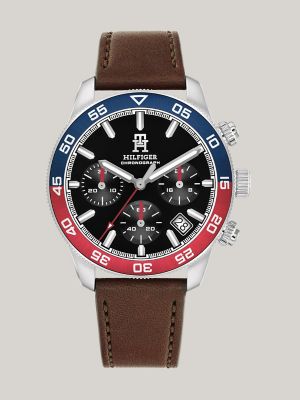 41MM TH85 Split Bezel Chronograph Watch, Navy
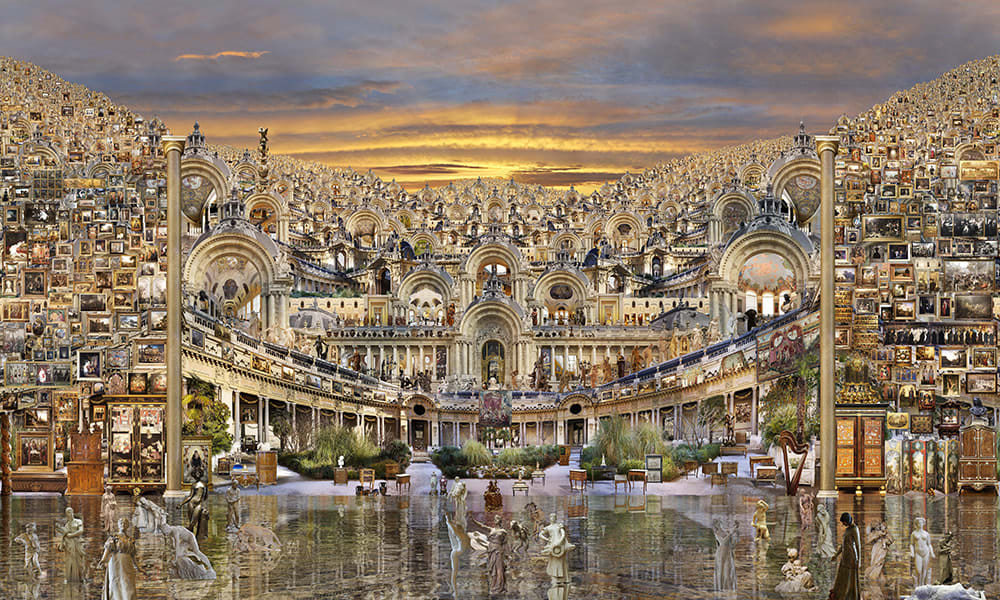 Jean-François Rauzier, petit palais, 2021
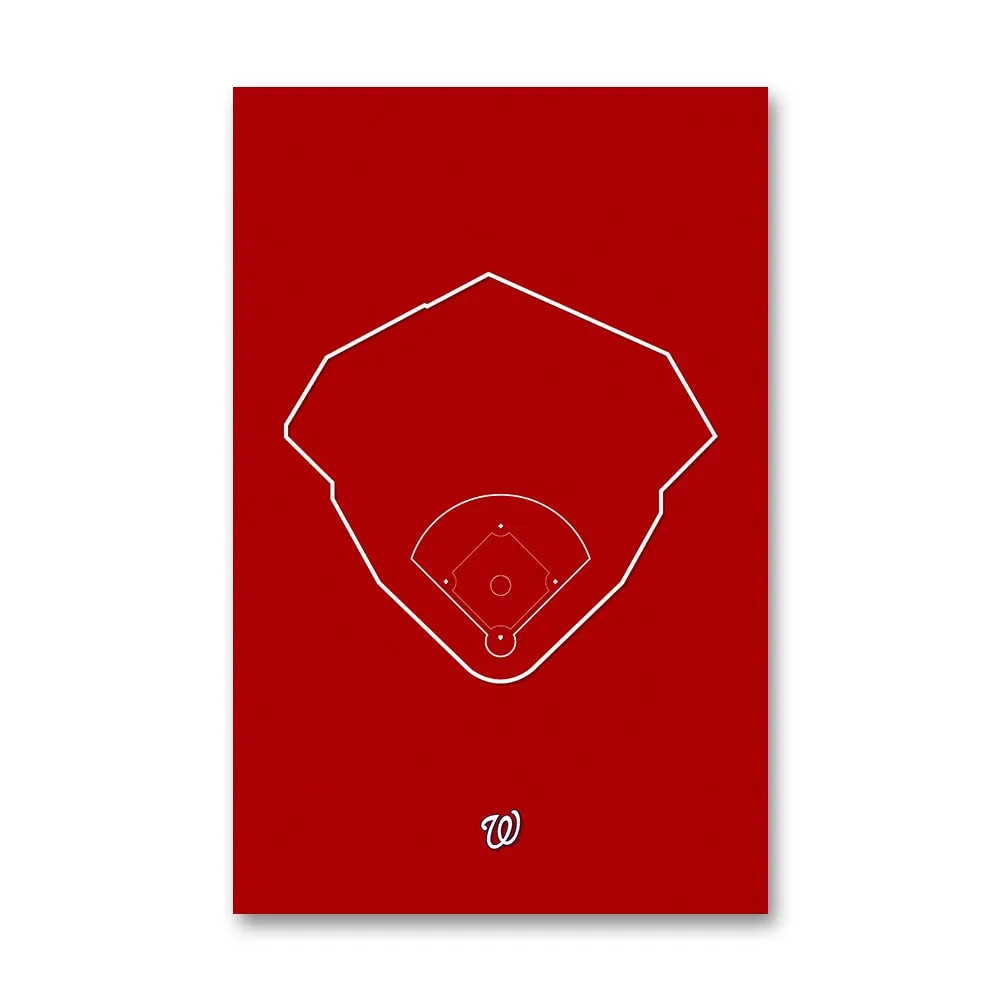 Atlanta Braves SunTrust Park 11 x 17 Minimalist Art Poster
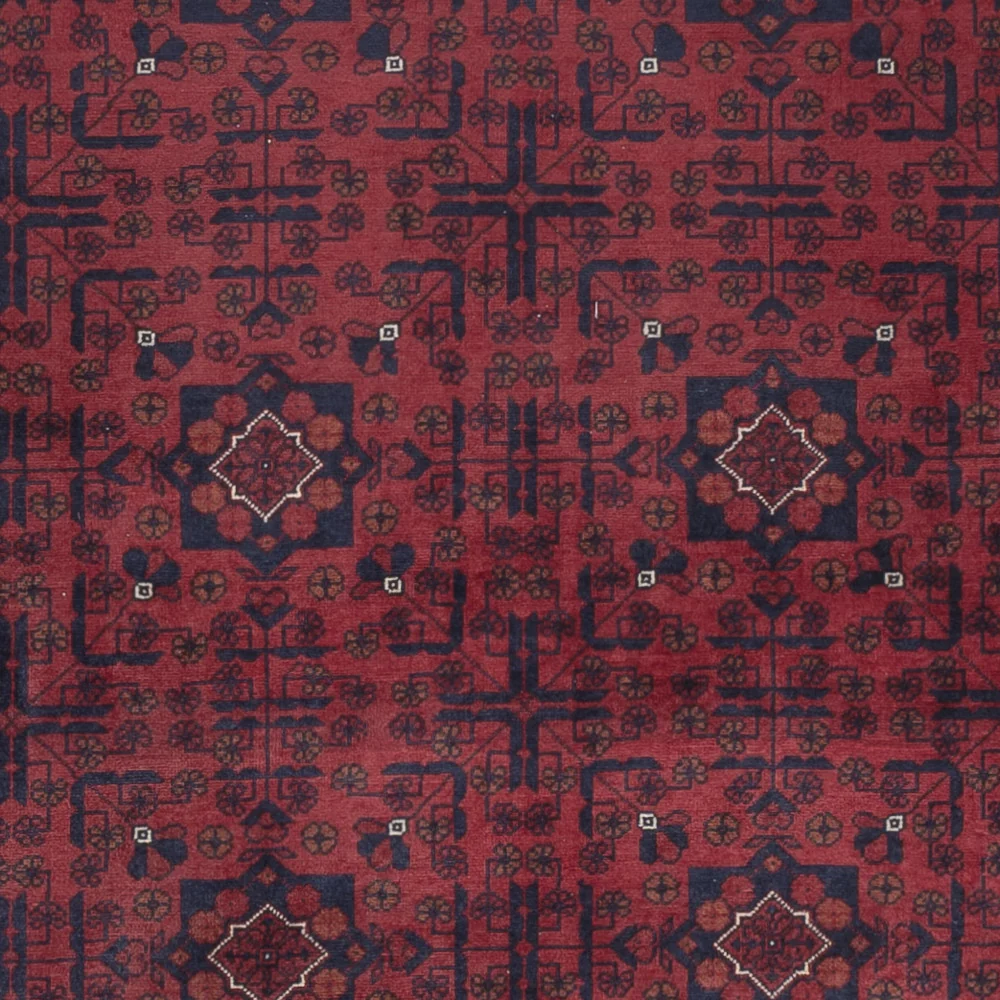 Afghansk teppe - Royal - 299 x 199 cm - mørk rød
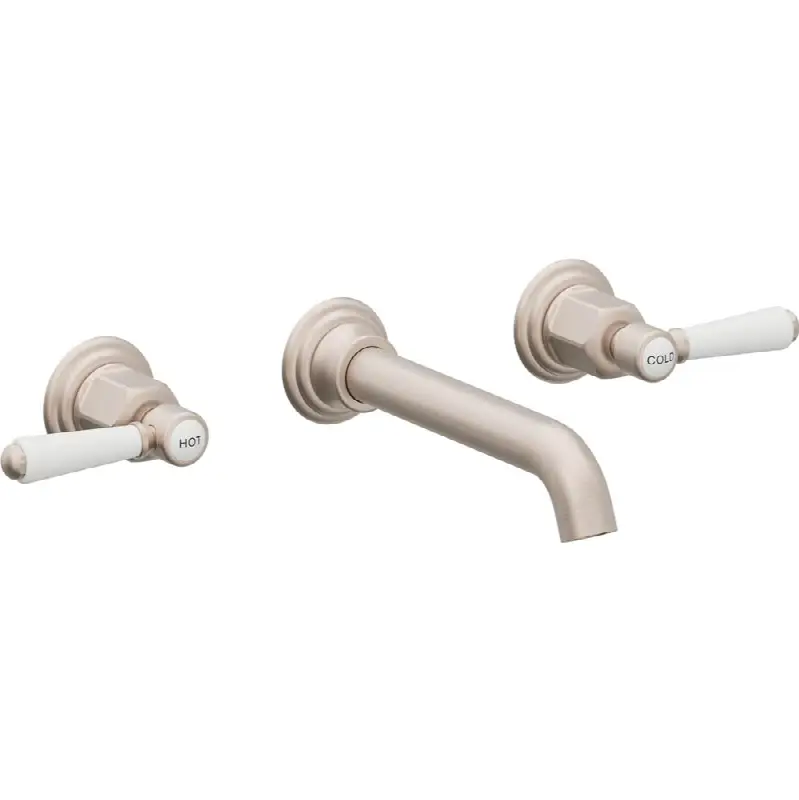 Two Handle Lavatory Wall Faucet Trim Only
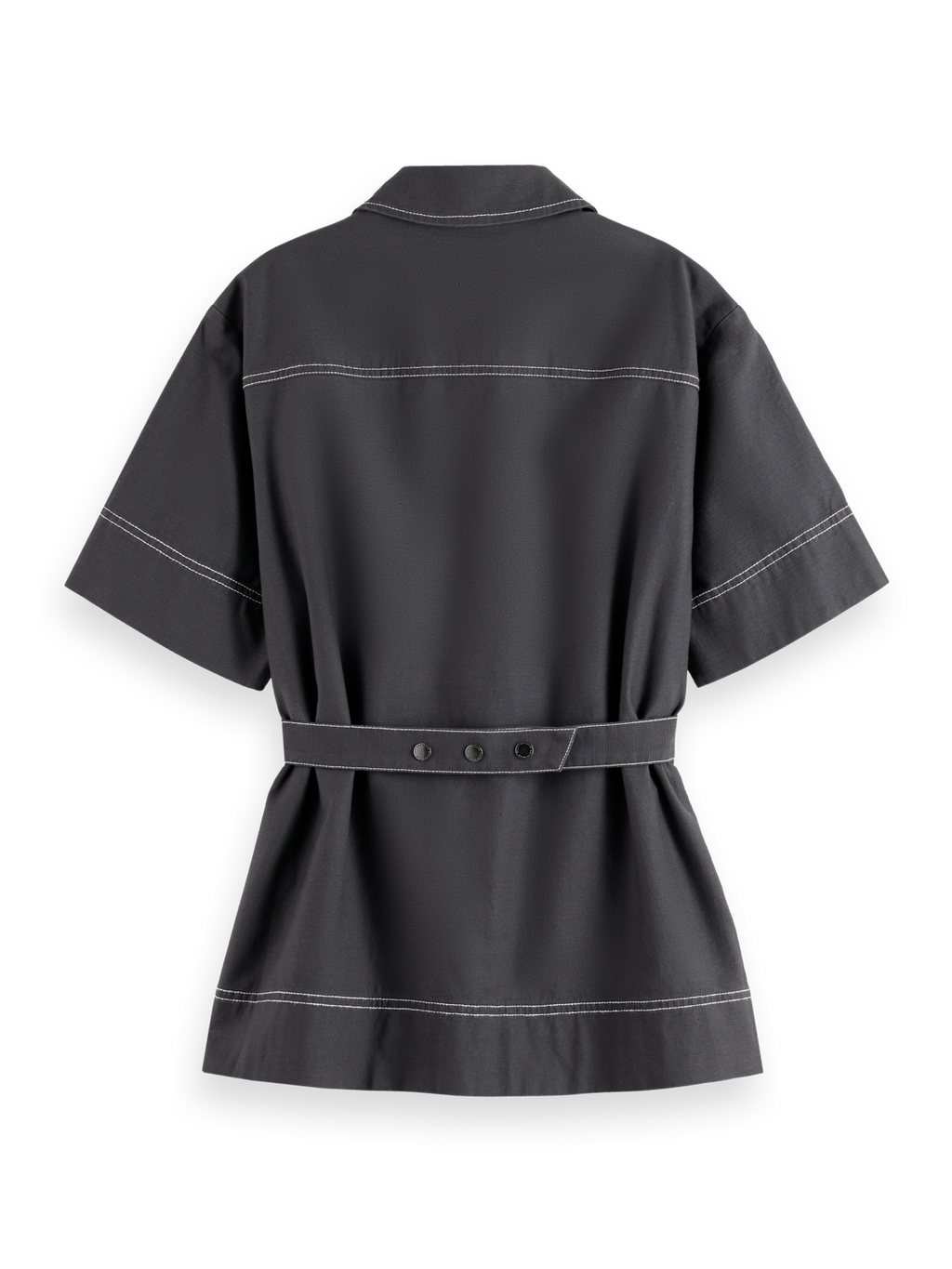 Patch pocket short sleeve shirt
━━━
## WORK ITEM:
The response should contain every record above exactly as written, and none of the pictures.

## TASK RESPONSE:
 41MM TH85 Split Bezel Chronograph Watch, Navy
 Jean-François Rauzier, petit palais, 2021
 Atlanta Braves SunTrust Park 11 x 17 Minimalist Art Poster
 Afghansk teppe - Royal - 299 x 199 cm - mørk rød
 Two Handle Lavatory Wall Faucet Trim Only
 Patch pocket short sleeve shirt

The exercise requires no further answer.